Take climate change as an example. Scientific estimates of future warming already contain a high degree of uncertainty, points out Molyneux. “When you layer on to that the uncertainty and effect of mitigating activities that a third party might take, and finally add data availability challenges, then the assessment may be valuable from a directional perspective in the early stages. As time goes on and estimates firm up, evidence or data is gathered and mitigating actions are known, then the assessment itself also becomes more robust,” she says.

ESG CHALLENGES

According to Dotti, risk managers face several ESG challenges. These include understanding ‘transmission’ channels and how to balance risk quantification with more qualitative data.

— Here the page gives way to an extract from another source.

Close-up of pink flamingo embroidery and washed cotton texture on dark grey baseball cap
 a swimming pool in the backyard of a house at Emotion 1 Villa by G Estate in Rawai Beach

“A better understanding on the first point will properly complement the information coming from ESG ratings,” says Dotti.

“The second point is especially true for climate change. Aside from the physical risks, especially the acute ones that are already here, most exposures are medium and long term in nature. It is never easy to balance the need of quantitative information, which is frequently requested by international best practices for stress-testing purposes, with the significance of this information that will inevitably deteriorate over time,” he adds.

INSURERS’ ROLE

Insurers are uniquely placed to assist customers with their ESG assessments, given the nature of the industry and its access to data, according to Simon Tighe, group head of investments, treasury and credit risk at specialty insurer Chaucer. His company recently teamed up with Moody’s to deliver a new scorecard to evaluate a business’s ESG credentials.

“One of the big issues with ESG is the availability of data in a consolidated location. You can access data but normally it is through multiple channels. What we are doing is bringing that together in one place and consolidating it, removing the pain point for customers of having to answer questionnaires and then overlaying that with the risk assessment skills of the group,” says Tighe.

“If we can provide a Chaucer view of the counterparty’s ESG profile, then that counterparty can use that to create their transition plan. Key to remember is that Chaucer is committed to supporting the transition to sustainability and this scorecard is a tool that will help with that,” Tighe says.

Molyneux also believes that insurers are in a good position to help risk managers with their ESG requirements. “Through years of underwriting risks, insurers have extensive experience at assessing risks. Therefore, at Zurich we are very well versed in assessing a wide range of risks, including ESG related risks,” she says.

While each company should report what is relevant to them, there is value to be gained by looking at ESG-reporting leaders across a wide variety of industries, explained Molyneux. It also helps to understand the journey that companies have been on, reporting-wise. In most cases, there is natural improvement and progression, she says.

“With ever-increasing requirements, whether from investors, regulators or others, in the area of ESG reporting, this is an essential topic for companies to focus on. A lack of plans for, or clarity surrounding, ESG can be an existential threat to a company,” Molyneux warns.

KEY TOPIC

With sustainability now a key strategic and risk management topic, Marsh is also developing its climate and sustainability risk value proposition, according to Dotti.

“We support clients in embedding ESG risks into their ERM/risk management frameworks, with the goal of prioritising and improving ESG risks. We have developed an ESG rating that is both risk- and performance-centric, and enables clients to steer their improvements towards the factors that will generate more stakeholder value,” he says.

“On climate, and especially on physical risks, we use both our scenario modelling capabilities and risk engineering expertise to support clients in assessing the magnitude of these risks through a technical lens, which is very much required to direct long-term investments, especially in capital intensive sectors. However, our capabilities expand into helping clients understand, manage and report on the breadth of climate risk across transition, physical and liability,” he adds.